**Task directions**
Before you return the entries below, strip out the pictures and keep all else exact.
[[ Exercise inputs open ]]
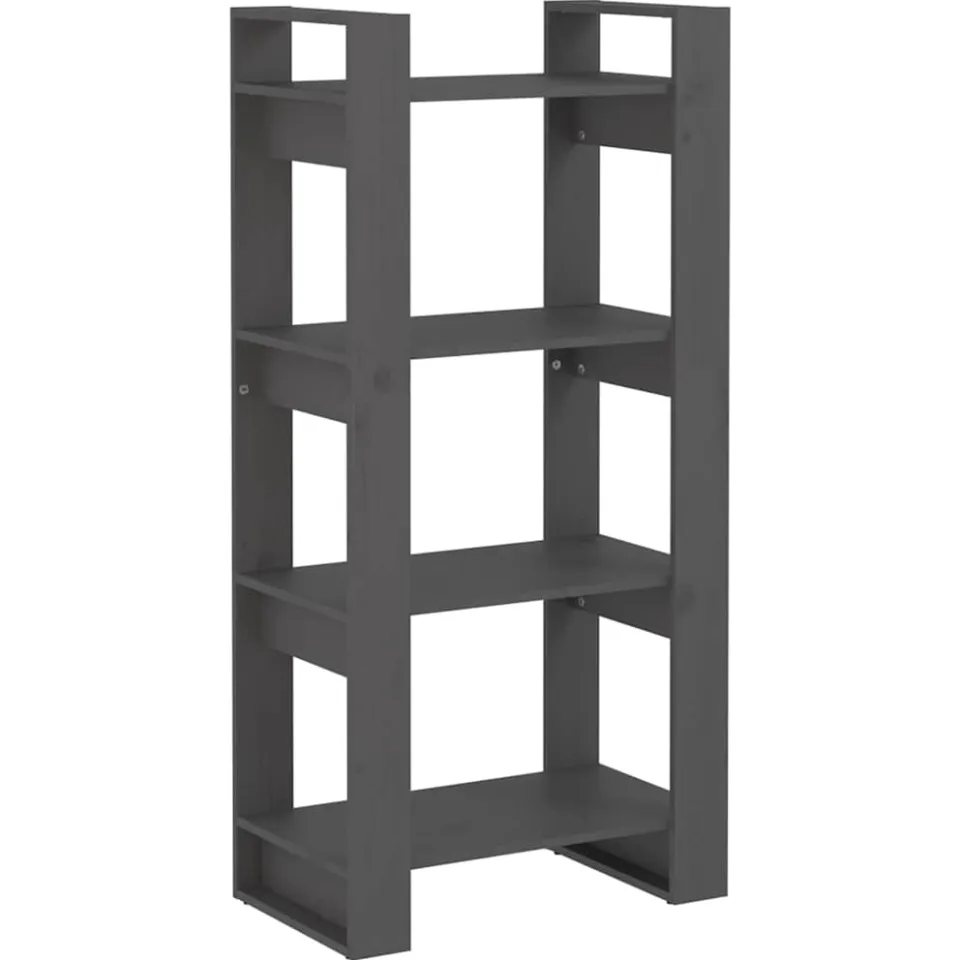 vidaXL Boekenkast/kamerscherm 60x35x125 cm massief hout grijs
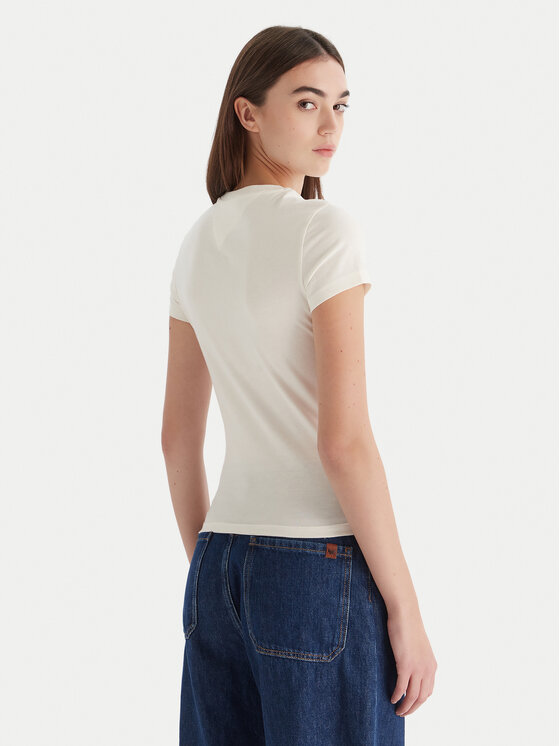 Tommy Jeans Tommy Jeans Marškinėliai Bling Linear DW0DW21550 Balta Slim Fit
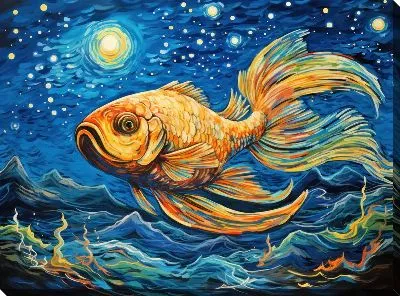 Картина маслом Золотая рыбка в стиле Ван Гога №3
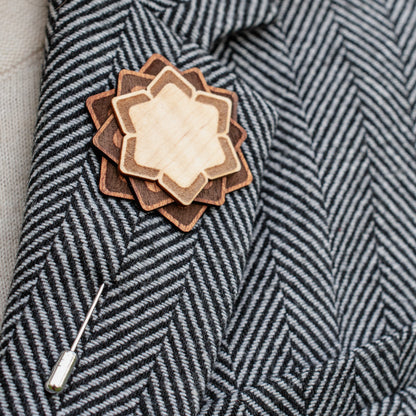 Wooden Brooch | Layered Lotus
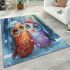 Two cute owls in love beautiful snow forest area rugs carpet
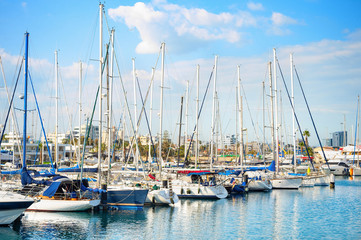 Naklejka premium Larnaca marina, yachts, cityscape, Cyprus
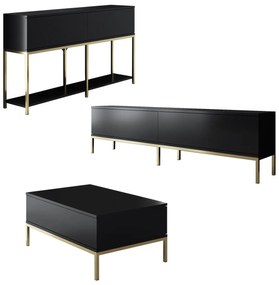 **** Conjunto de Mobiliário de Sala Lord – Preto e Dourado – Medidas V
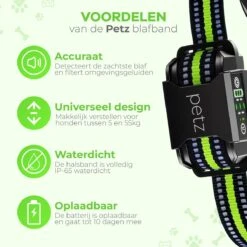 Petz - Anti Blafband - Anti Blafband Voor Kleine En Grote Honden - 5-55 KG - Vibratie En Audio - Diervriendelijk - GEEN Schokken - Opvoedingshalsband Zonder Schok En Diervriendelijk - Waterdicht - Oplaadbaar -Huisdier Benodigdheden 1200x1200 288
[[ Exercise inputs closed ]]
**Your response**
 vidaXL Boekenkast/kamerscherm 60x35x125 cm massief hout grijs
 Tommy Jeans Tommy Jeans Marškinėliai Bling Linear DW0DW21550 Balta Slim Fit
 Картина маслом Золотая рыбка в стиле Ван Гога №3
 Wooden Brooch | Layered Lotus
 Two cute owls in love beautiful snow forest area rugs carpet
 Naklejka premium Larnaca marina, yachts, cityscape, Cyprus
 **** Conjunto de Mobiliário de Sala Lord – Preto e Dourado – Medidas V
 Petz - Anti Blafband - Anti Blafband Voor Kleine En Grote Honden - 5-55 KG - Vibratie En Audio - Diervriendelijk - GEEN Schokken - Opvoedingshalsband Zonder Schok En Diervriendelijk - Waterdicht - Oplaadbaar -Huisdier Benodigdheden 1200x1200 288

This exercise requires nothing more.